I would like to have some feedback about a potential use case for the secret network.

In the last years Pay As You Go technologies became very successful for companies (especially off-grid solar) who sell physical assets to unbanked people (mainly in Africa) on installments. The concept is that the asset is only unlocked - either via Keypad or GSM/IoT - when the customer does an (electronic) payment - mostly via Mobile Money. So the asset is only usable when the customer pays the installments. Biggest use cases are solar home systems, water pumps and smart phones. Volume is around 1Bn yearly with 20-30% increase per year.

This reduces the default risk as the customer has little incentive to not repay the asset and the collection costs are very low.

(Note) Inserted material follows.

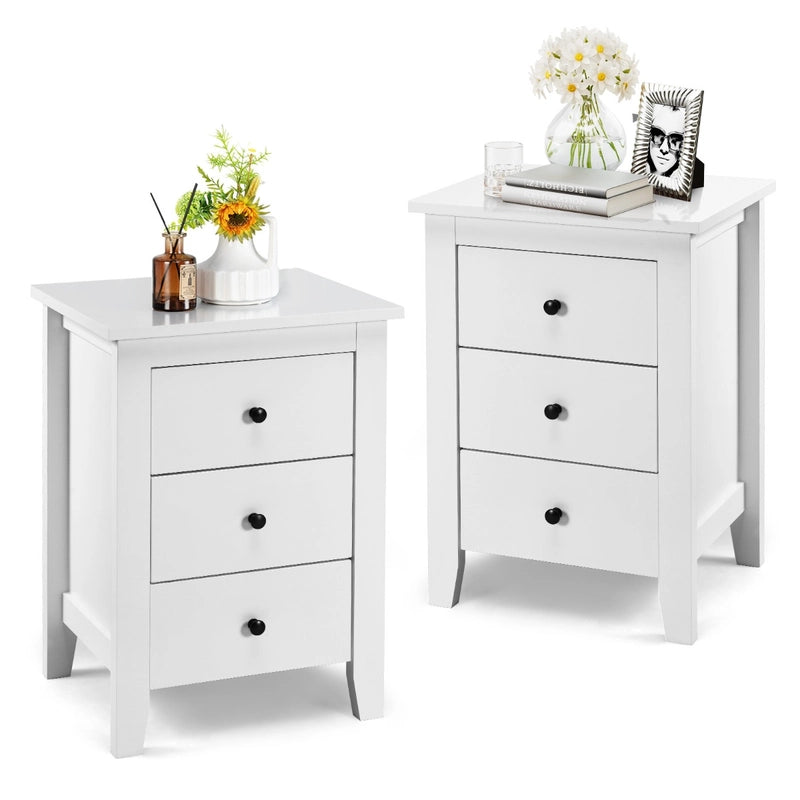 Nightstand with 3 Drawers for Living Room and Bedroom-Black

One existing issue is that the financing for PAYGO companies is provided by traditional finance and due to the (unbanked) customers high risk profile the interest rates are very high and funding is difficult.

Here comes DeFI with the opportunity to directly connect the PAYGO customers with retail investors.

Concept idea:

  1. Each PAYGO device belongs to a specific secret key that is needed to create valid unlock codes
  2. A secret contract contains this specific key (or is linked to it)
  3. When a customer does a mobile money payment - the corresponding amount of SCRT is forwarded to the contract and a valid token is generated (e.g. 1 SCRT => 2 days of unlock)
  4. Only one specific contract is able to unlock a specific device
  5. The contract also contains the nominal value of the underlying asset sale (how much the customer has to pay until the device unlocks forever) - this is the maximum amount of money the contract is worth
  6. Each payment to the contract updates the remaining balance of receivables and thereby defines the residual value of the contract

This would lead to the effect that the contracts are related to real world assets and repayment plans with the specialty that: only a particular contract can create valid unlock codes for this device which makes it valuable in itself.

This concept can not be implemented (at least to my limited understanding) with a public chain as Ethereum as the secret key for the device needs to be kept secret to make sure only the specific contract is capable of creating the correct codes. A combination of public / private side chains could work but seems very complex.

Do you think this use case could be interesting for secret? If yes - how could that be designed? If no -are there better solutions around to implement it?

I really would like to work on this as I am passionate about bringing financing to unbanked people (800 Million in Africa alone) to improve their lifes and thrive their businesses.

Looking forward to hear your thoughts and I am happy to give more background (I have a 9 years background in PAYGO Software)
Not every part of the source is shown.